Later this trained model was then copied to an arm hardware device with Linux that runs python with arm64 architecture.
When this trained model is used to detect cars and trucks, this shows up the following error.

Traceback (most recent call last):
File “/home/nvidia/Desktop/test_env/python_programs/pytorch_cnn/1.obj_det/detection_car_truck/main_det.py”, line 82, in
results = score_frame(frame, model,device=device)
File “/home/nvidia/Desktop/test_env/python_programs/pytorch_cnn/1.obj_det/detection_car_truck/obj_det_functions.py”, line 118, in score_frame
results = model([frame])
File “/home/nvidia/Softwares/miniconda3/envs/torch_cp37/lib/python3.7/site-packages/torch/nn/modules/module.py”, line 727, in _call_impl
result = self.forward(*input, **kwargs)
File “/home/nvidia/Softwares/miniconda3/envs/torch_cp37/lib/python3.7/site-packages/torchvision/models/detection/generalized_rcnn.py”, line 100, in forward
detections, detector_losses = self.roi_heads(features, proposals, images.image_sizes, targets)
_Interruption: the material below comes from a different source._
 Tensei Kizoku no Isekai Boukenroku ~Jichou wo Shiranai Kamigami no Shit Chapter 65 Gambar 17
File “/home/nvidia/Softwares/miniconda3/envs/torch_cp37/lib/python3.7/site-packages/torch/nn/modules/module.py”, line 727, in _call_impl
result = self.forward(*input, **kwargs)
File “/home/nvidia/Softwares/miniconda3/envs/torch_cp37/lib/python3.7/site-packages/torchvision/models/detection/roi_heads.py”, line 752, in forward
box_features = self.box_roi_pool(features, proposals, image_shapes)
File “/home/nvidia/Softwares/miniconda3/envs/torch_cp37/lib/python3.7/site-packages/torch/nn/modules/module.py”, line 727, in _call_impl
result = self.forward(*input, **kwargs)
File “/home/nvidia/Softwares/miniconda3/envs/torch_cp37/lib/python3.7/site-packages/torchvision/ops/poolers.py”, line 213, in forward
self.setup_scales(x_filtered, image_shapes)
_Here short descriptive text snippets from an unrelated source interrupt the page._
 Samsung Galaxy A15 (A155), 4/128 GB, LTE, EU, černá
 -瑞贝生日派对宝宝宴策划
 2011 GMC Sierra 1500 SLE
File “/home/nvidia/Softwares/miniconda3/envs/torch_cp37/lib/python3.7/site-packages/torchvision/ops/poolers.py”, line 174, in setup_scales
scales = [self.infer_scale(feat, original_input_shape) for feat in features]
File “/home/nvidia/Softwares/miniconda3/envs/torch_cp37/lib/python3.7/site-packages/torchvision/ops/poolers.py”, line 174, in
scales = [self.infer_scale(feat, original_input_shape) for feat in features]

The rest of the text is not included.